A military police unit from the Sixth Brigade.
There will also be a Hercules helicopter that has been dispatched with equipment.
“Our goal here is to provide security and stability to enable the normal constitutional processes within the Solomon Islands to deal with the various issues that have arisen,” the prime minister said.
Demonstrators for a second day in the capital, Honiara, demanded the resignation of Mr. Sugavari, expressing concerns about Chinese influence in the country.
Shops and businesses in Chinatown have been targeted by rioters as well as government buildings and police stations.
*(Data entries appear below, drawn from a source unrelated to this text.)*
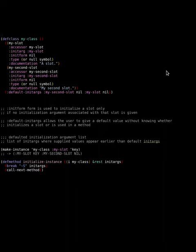In Common Lisp, there are multiple ways to provide initial values to an instance of a class. Here you can see my class definition where we have an init form for two slots.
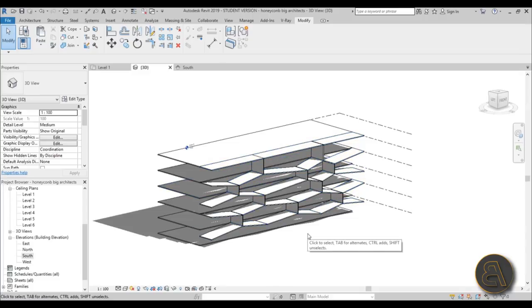If you want to see how to add pools to this facade, hit the first link in the description — that will lead you to my Patreon. For only five dollars a month you'll get access to all of the bonus tutorials as well as all of the project files. I've got over 130 files so far and I'll be adding more with each tutorial. That's pretty much it for this tutorial.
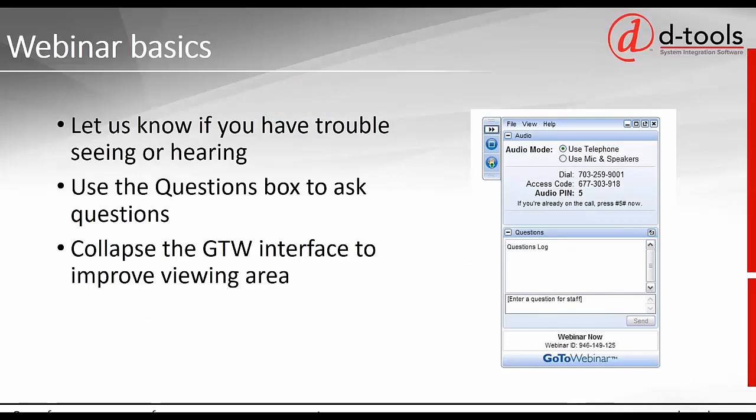Thank you all for joining us today. My name is Tim Begonis, I'm the CMO of DTools. With me is Seth Enos, our System Integrator Product Manager. We're going to cover today the new features in System Integrator 2018.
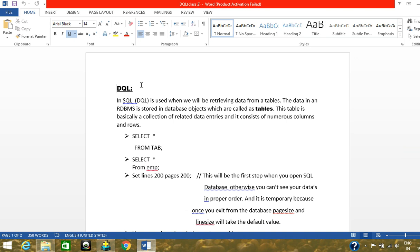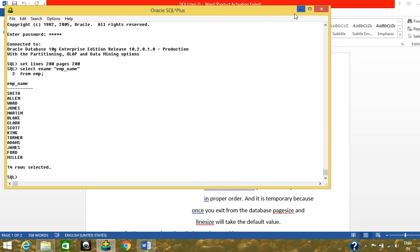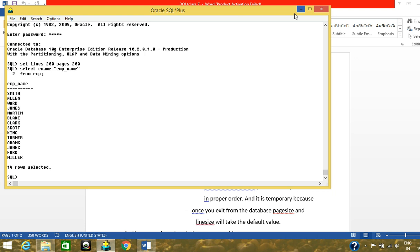DQL in SQL is used when we are retrieving data from a table. What is a table? The data in an RDBMS is stored in a database object called a table. I showed in my previous video how tables are arranged in a database. This table is basically a collection of data entries, and it consists of numerous columns as well as rows.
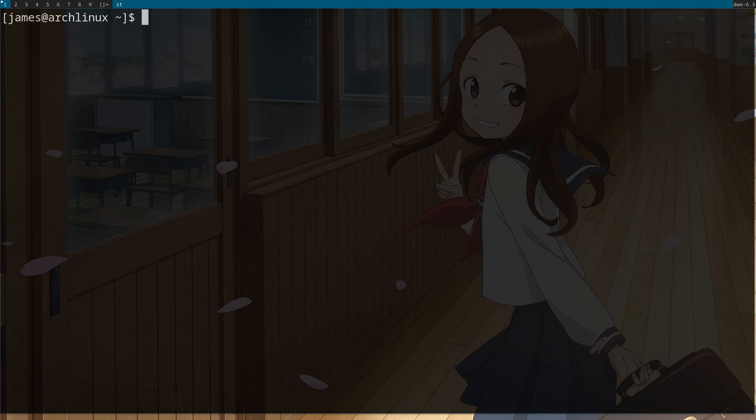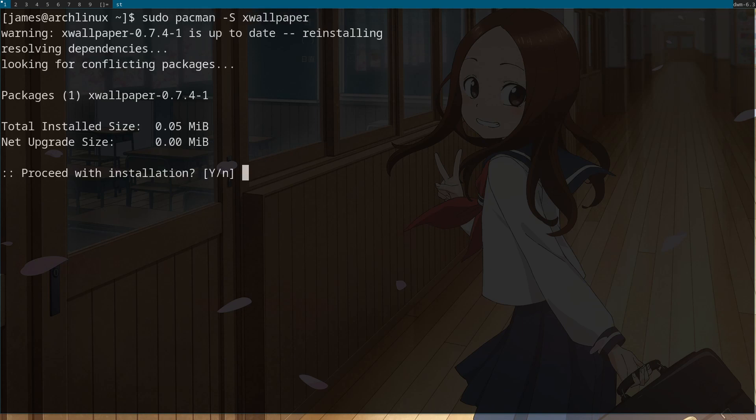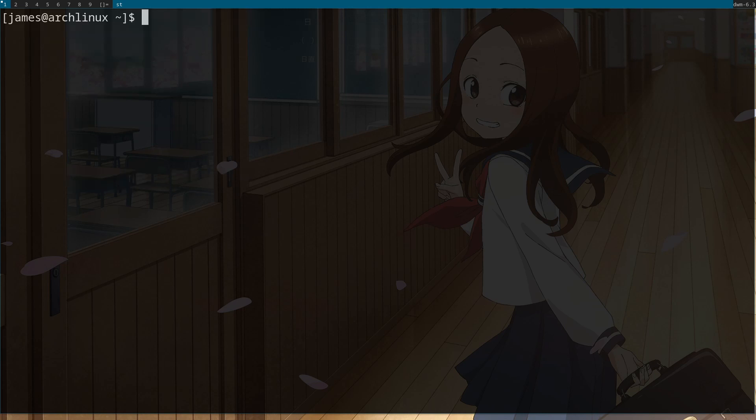So what I'm currently using is xwallpaper, which you can download through pacman. So sudo pacman -S xwallpaper, proceed. And then to set a wallpaper, I'm gonna remove mine first.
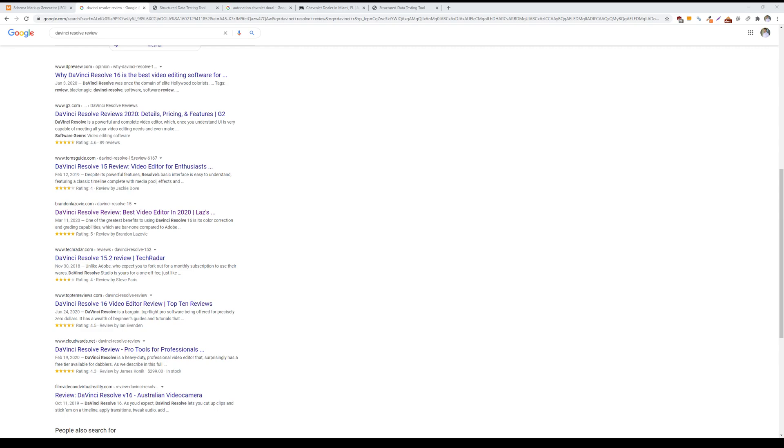What is up ladies and gentlemen, welcome back for another search engine optimization tip video. In today's tip video I'll be going over review schema and how to generate these types of rich results for your website.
An angry mob was videotaped smashing windows and firing shells at Kokum Traffic Police Station before some rioters entered the building and set it on fire.
Huge flames rose from the building before a lone firefighter moved to try to put out the flames.
A 36-hour lockdown has been ordered in Honiara to quell civil unrest, but so far it has had little effect with similar scenes popping up all over the right across the captive.
The situation is still volatile with reasonably large crowds moving. Mr Morrison said the Royal Solomon Islands police force is overstretched.
“We have received reports of more buildings burned down on the main road in central Honiara, including a large commercial building and a bank branch.”
A firefighter walks past a burning hardware store, during anti-government protests in Honiara, Solomon Islands, November 24, 2021,
Smoke coming from a burning shop in Honiara, Solomon Islands, November 24, 2021
Tensions were brewing in the country of about 700,000 people after Mr. Sugavari in September 2019 cut diplomatic ties with Taiwan in favor of Beijing.
The move angered many locals who feared that the country’s natural resources – particularly fishing, palm oil and logging – were being plundered by the authoritarian power.
Beijing handed over about $730 million to the Solomon Islands government after making the diplomatic transition.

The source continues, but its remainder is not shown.